On Sunday morning, as we stood outside of the park visitor center to get our day passes, we got to chat with a few of our fellow campers. We met a woman and her two fluffy white dogs, Jesse and Henry, who was visiting Hueco with her husband as one destination on their “bird tour” of Texas. Throughout the year, they are hoping to identify 300 or so birds throughout the state. Jesse and Henry’s parents (we didn’t learn their names) have lived some form of van or RV-life since the 1970s, sometimes full-time, and at other times just for shorter vacations.
We also met a young family with twin girls who were traveling around the US in their Winnebago View, a smaller camper van. They were boulderers too and we enjoyed trading tips on places to visit along our travels. It’s always inspiring to see young families traveling full-time, a little glimpse into our (distant) future.
We love seeing how different people approach the nomadic lifestyle. Some live large in fancy converted Sprinter vans or huge RVs and spend all of their time camping at established campsites with amenities. Others live much more simply, living out of the back of SUVs, minivans, or smaller vans and camping in the middle of the desert on public land or stealth camping in cities. We seem to be somewhere in-between, the perfect spot to meet all types of fellow nomads.

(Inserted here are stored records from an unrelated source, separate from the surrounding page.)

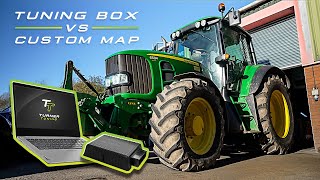 Tuning Box VS Remap Which Is Best For Your Tractor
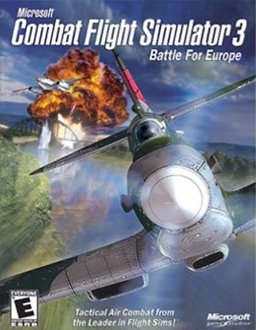 Microsoft Combat Flight Simulator 3: Battle for Eu Microsoft Combat Flight Simulator 3: Battle for Eu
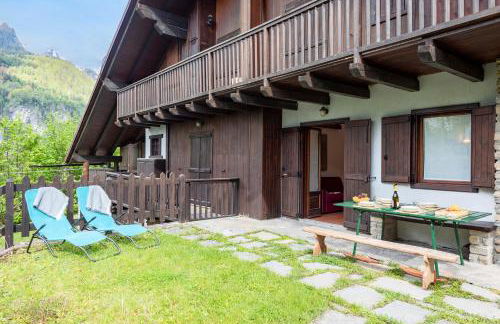 Flats with Garden in Courmayeur - Happy Rentals - Foto 45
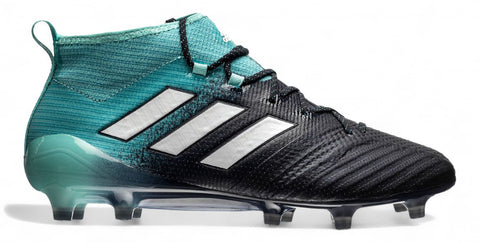 adidas Ace 17.1 Primeknit FG 'Ocean Storm - Energy Aqua/White/Legend Ink'
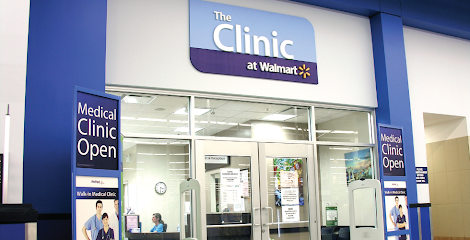 Walk-In Clinic at Walmart Brampton West by Jack Nathan Health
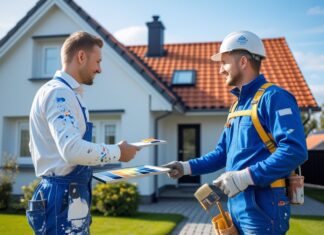 Sådan vælger du den rette maler og tagrenovering på Fyn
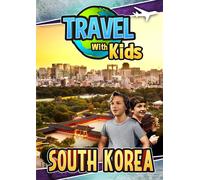 Travel With Kids: South Korea (DVD) Jeremy Simmons (Importación USA)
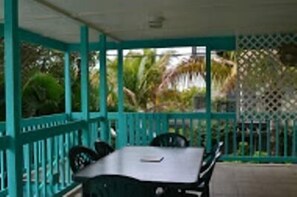 Porch - Windcaller (Holmes Beach)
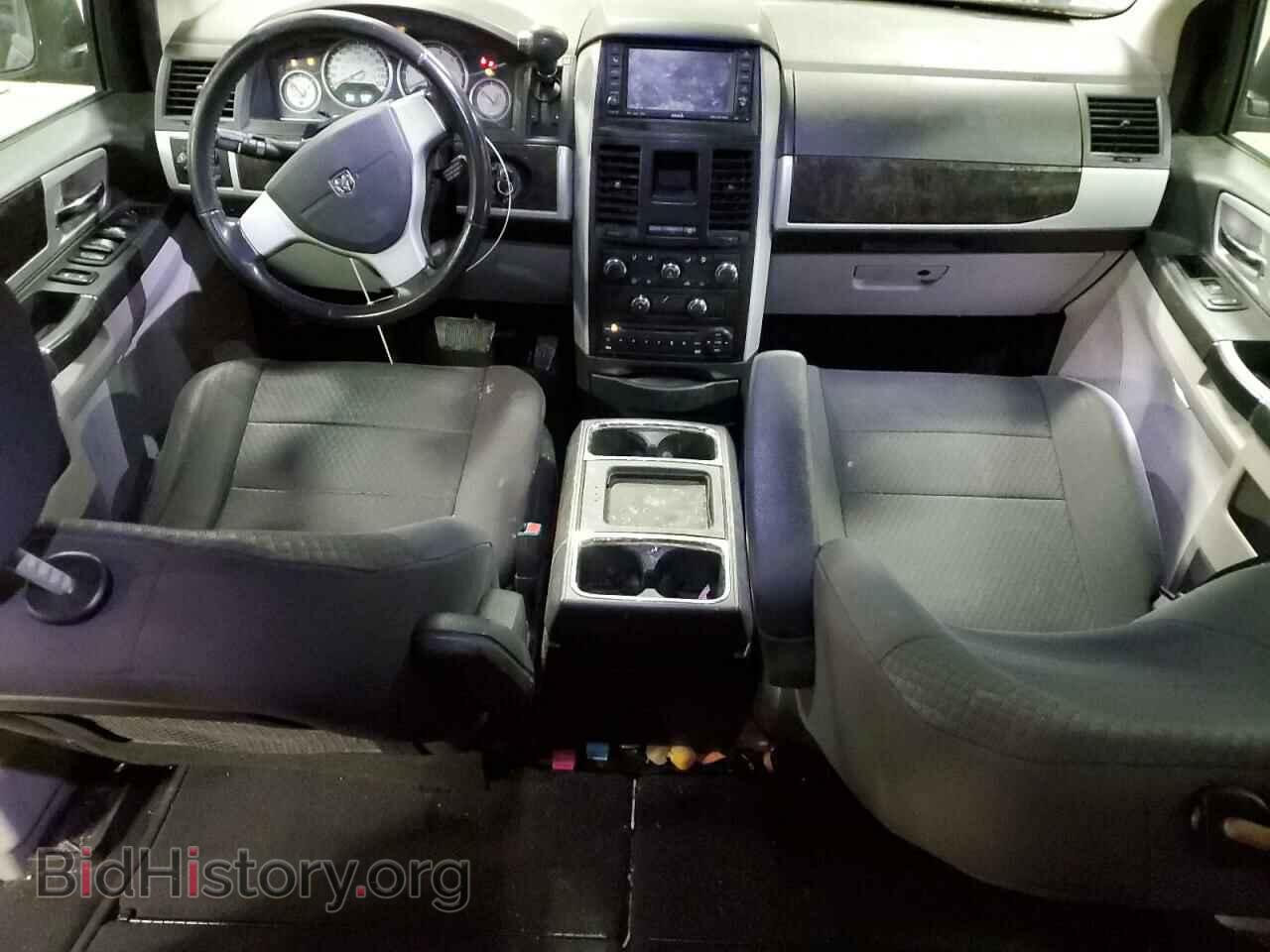 2010 DODGE CARAVAN - VIN: 2D4RN5D16AR116645 - Фото 8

We ended our first weekend with thin fingertips and a few more scrapes and bruises than before, but replenished by the fresh outdoor air and stoked to come back the next weekend.
The next week, we took off work Thursday and Friday and climbed Thursday, Friday, and Saturday. Knowing that we had three full days of hard climbing ahead of us, we took our days a little bit more slowly. We also bought a guidebook so that we could find new areas of the park and a knee pad to protect our legs from getting more banged up.
While the knee pad helped protect our legs, it didn’t prevent Choi from finishing the weekend looking like he’d come out of a fight, with bloody knuckles and a split lip. The weather our second weekend was sunny but super windy. Most of the time this wasn’t an issue, but it did make some of the taller climbs we tried, like Sign of the Cross (V3), a bit spooky. We didn’t end up sending this one and will have to come back on a future trip.
We did however, send a couple of our other projects, most exciting being Lobster Claw (V5). Lobster Claw is a climb that I first tried on my first trip to Hueco back in May 2018. Back then, it felt impossible but on every trip since I, and now Choi, have made slow but steady progress.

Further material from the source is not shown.